El Señor, al enviarnos CRUCES, también nos visita. Según los santos, estas visitas son quizá las más preciosas,  pues siempre miraron con  tribulaciones como  señales de la presencia de Dios, no olvidando que dijo el Señor: “Con él estoy en la tribulación” (Salmo 90, 15). Por eso se afligían cuando Dios no les mandaba pruebas y se quejaban y lamentaban pensando que los había olvidado. “La mayor señal de que el Señor tiene grandes miras sobre un alma, decía San Vicente de Paúl, es enviarle desolación tras desolación.” Porque tal es el estilo que tiene Dios de purificarla y unirla a sí estrechamente y para siempre. -¡Ojalá pensáramos de la cruz al igual que los santos! Para ello trabajemos desde ahora, curándonos de nuestros falsos prejuicios, casi siempre conformes al espíritu del mundo.

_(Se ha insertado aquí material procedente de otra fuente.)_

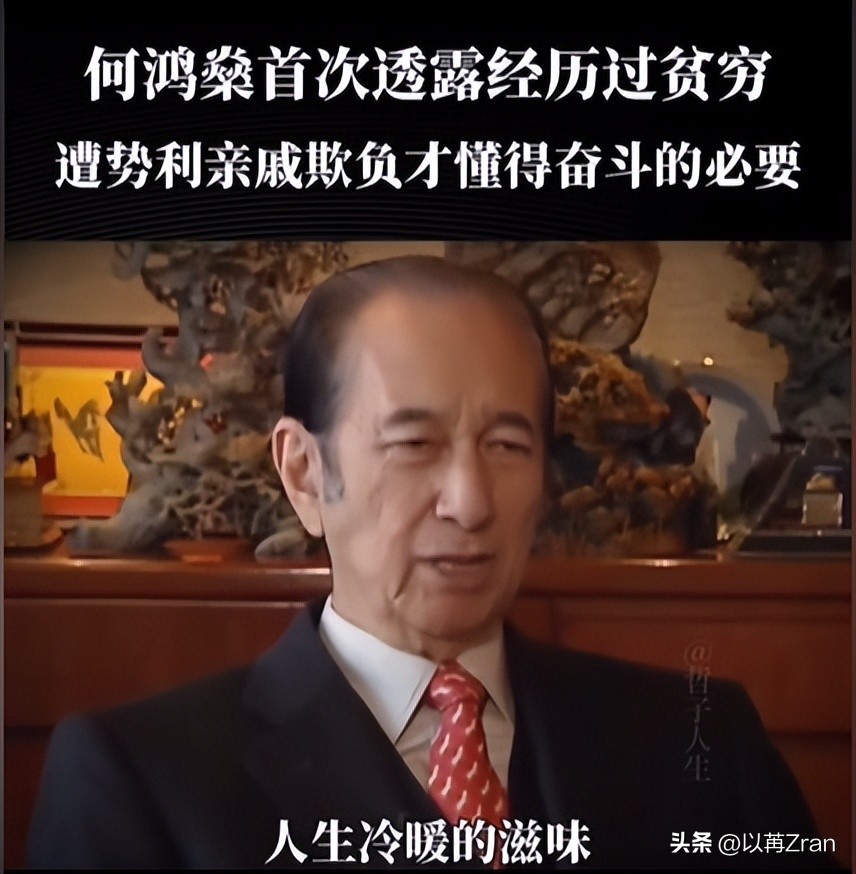 钱再多有什么用,赌王家族17个子女的现状,给所有男人都提了个醒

                           
Los apóstoles, al contemplar a Jesús resucitado, estaban transportados de alegría (Juan, 20, 2), y qué raptos de gozo también debieran ser los nuestros al recibir al Verbo humanado en el sacramento de la Comunión, pues que se digna descender en PERSONA hasta nosotros, para colmarnos de beneficios y hacerse nuestro alimento. Pero el Señor, en su bondad infinita, nos promete además permanecer con nosotros, hacernos vivir de su propia vida y resucitarnos en el último día (Juan 6, 58). ¡Qué promesas tan magnificas las de Dios! Siempre concede más de lo que esperamos o podemos desear. Si comprendiéramos el precio de semejantes favores, con cuánto afán trabajaríamos para merecerlos.

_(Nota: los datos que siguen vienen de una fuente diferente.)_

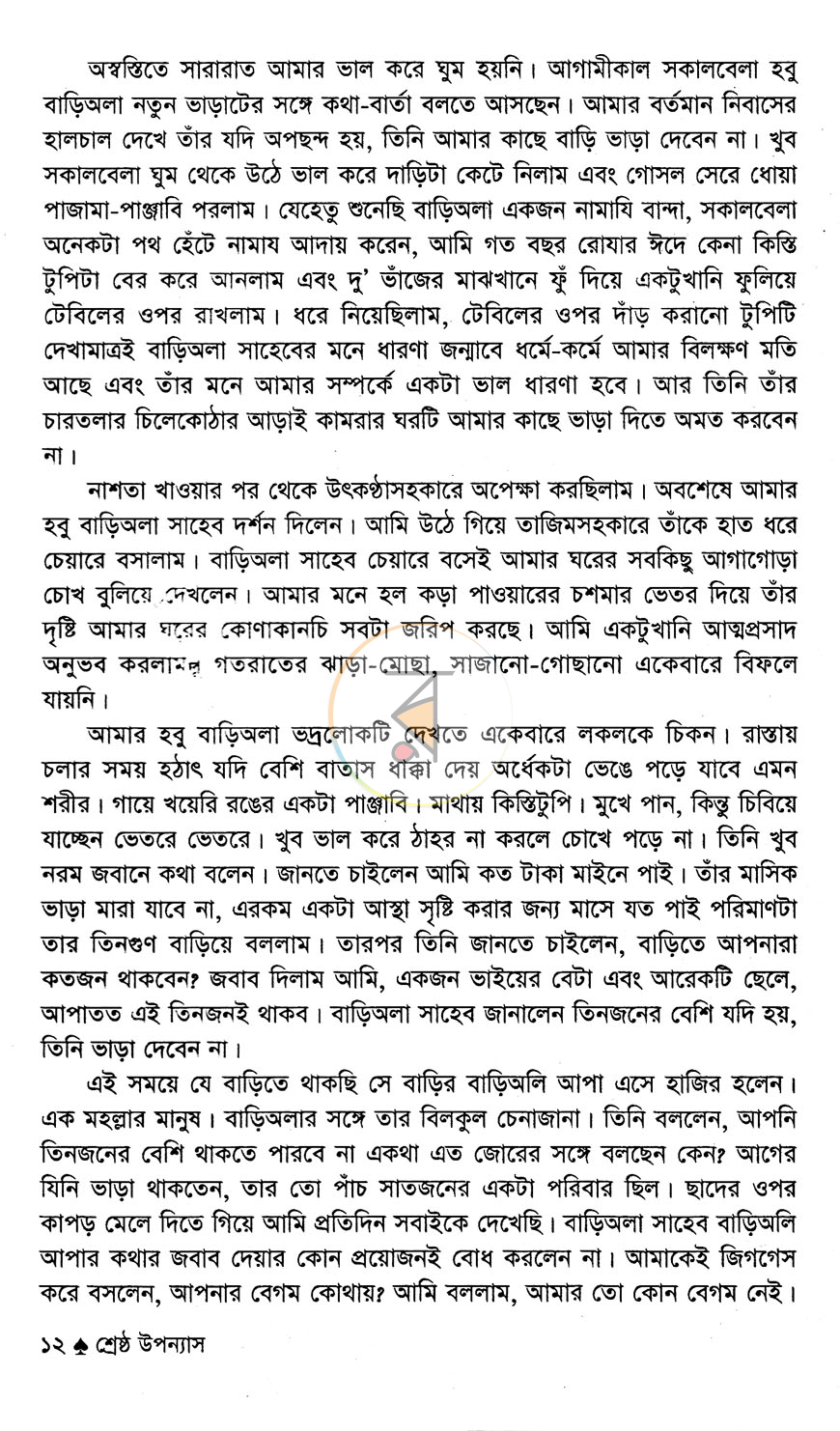 পাতা 5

¡Oh Jesús mío!, dígnate destruir en mí cuanto se oponga a tu reinado, es decir: mis malos hábitos de vida mundana y sensual en vez de la celestial y sobrenatural como quisieras que fuera la mía. Te ruego me ayudes: 1 º, a ser fiel a tus inspiraciones y a dejarme guiar de tus luces divinas; 2º, a llevar con santa paz la cruz que quieras enviarme, sobre todo las cruces de cada día, que son las inherentes a mis deberes; 3º, a unirme estrecha y constantemente a tu sacratísimo Corazón, sobre todo en el sacramento de Amor, que es prenda de la Resurrección gloriosa, cuyo fruto será la inmortalidad.